Task instructions
All that is wanted is the line with "Слушалки за мобилни" and each line after it to the end of the data below, set down exactly and without pictures.
= = = = = = =
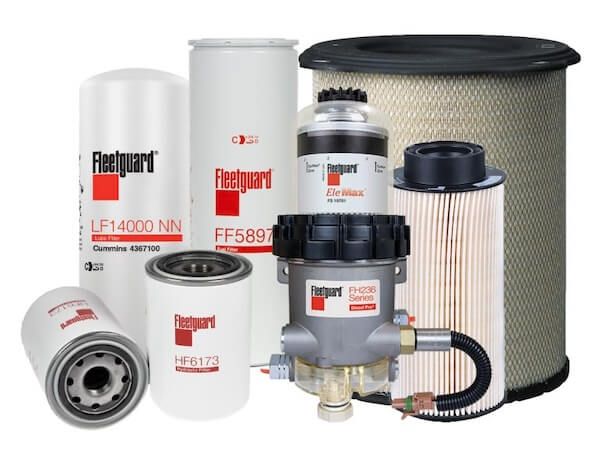Fleetguard lube, fuel, hydraulic and air filters stocked at Mach 6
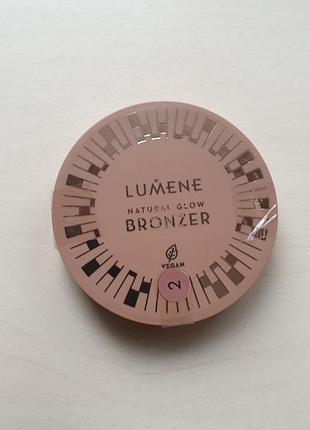 Lumene natural glow bronzer 02 artic sun бронзер для лица 3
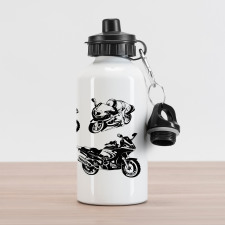 Motorbikes Aluminum Water Bottle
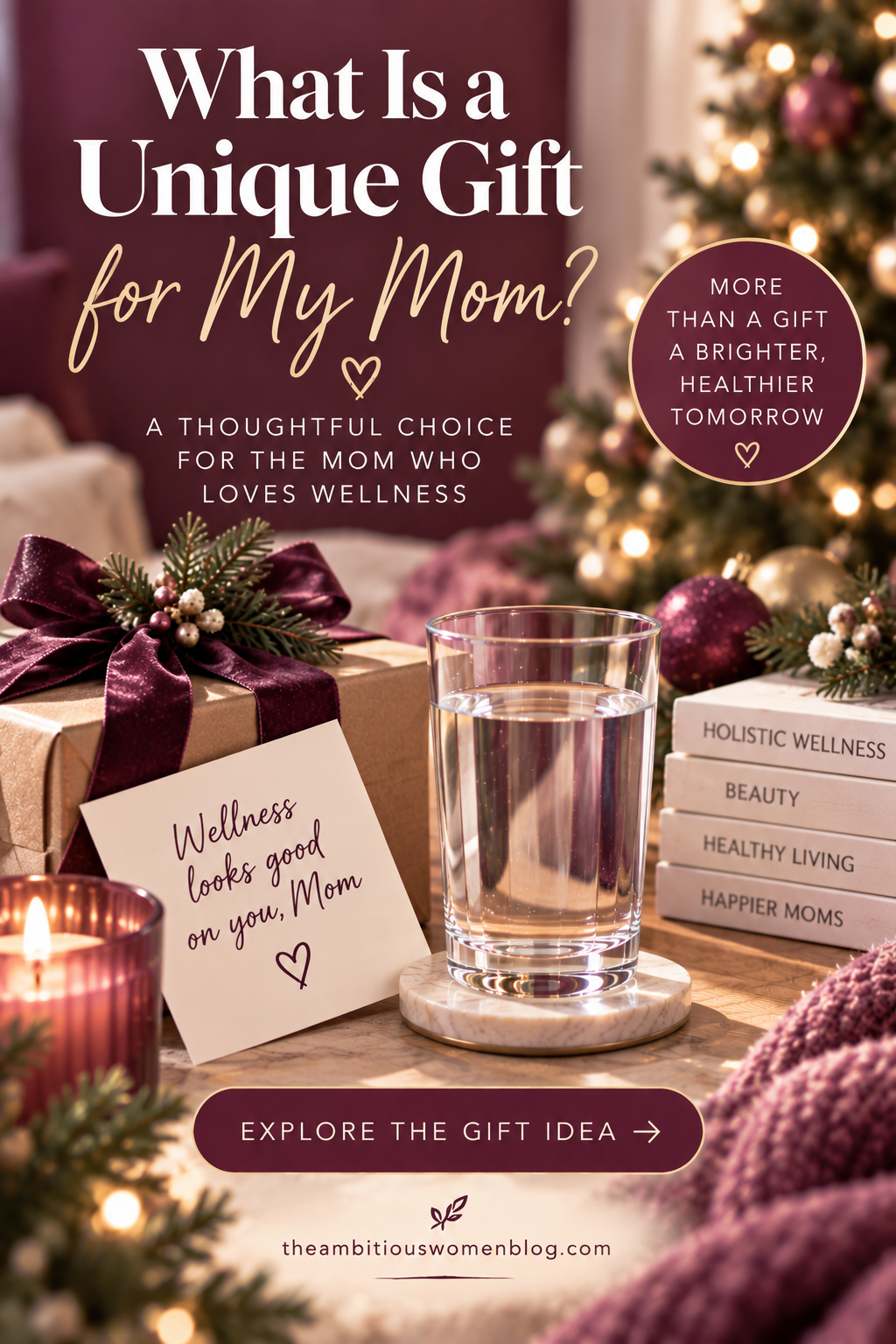 unique christmas ideas for moms from daughter What are some good Christmas gift ideas for moms from daughters? What is a unique gift I can give my mother? Useful gifts for mom from daughter hydrogen water holistic wellness lifestyle health must haves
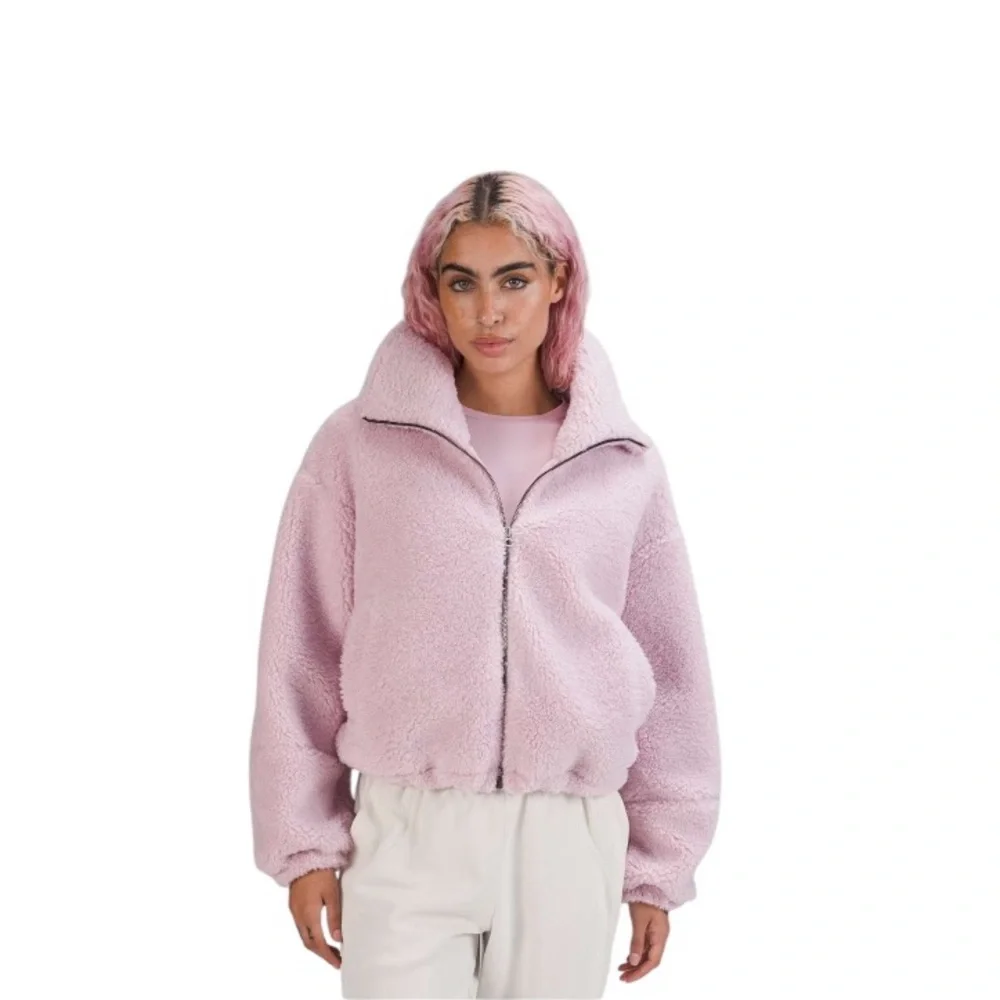 π πππππππππ Pink Peony Sherpa Jacket + Cap Set (Size 8) - Picture 1 of 13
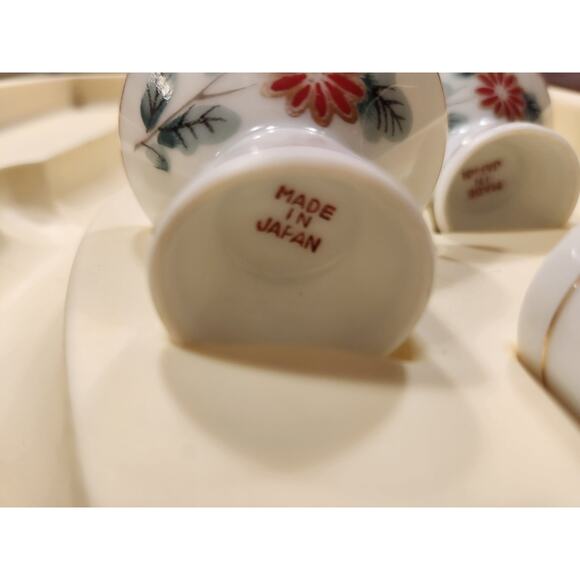 Vtg Kikkoman Sake Set w/empty sake bottle in Box - Picture 4 of 9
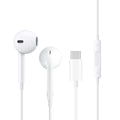 Слушалки за мобилни устройства WiWu Earbuds 303, Type-C, Mикрофон, Бял - 20733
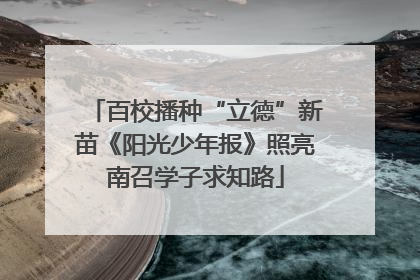 百校播种“立德”新苗《阳光少年报》照亮南召学子求知路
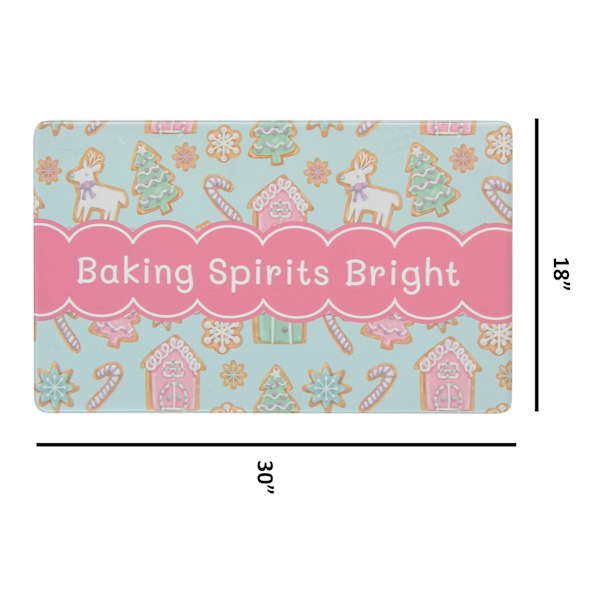 Mrs. Claus' Bakery Baking Spirits Bright Embossed Kitchen Mat, 18x30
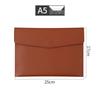 A4 Leather Magnetic File Bag with Custom Logo Options - Business Document Envelope Design in Multiple Specifications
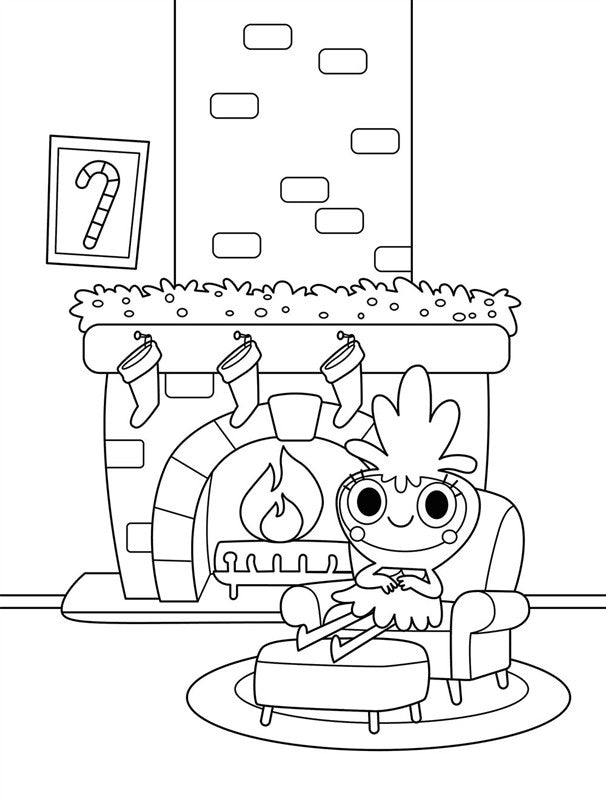 Super Simple Merry Christmas! A Cozy Coloring Book with Stickers!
= = = = = = =
Written answer
 Слушалки за мобилни устройства WiWu Earbuds 303, Type-C, Mикрофон, Бял - 20733
 百校播种“立德”新苗《阳光少年报》照亮南召学子求知路
 Mrs. Claus' Bakery Baking Spirits Bright Embossed Kitchen Mat, 18x30
 A4 Leather Magnetic File Bag with Custom Logo Options - Business Document Envelope Design in Multiple Specifications
 Super Simple Merry Christmas! A Cozy Coloring Book with Stickers!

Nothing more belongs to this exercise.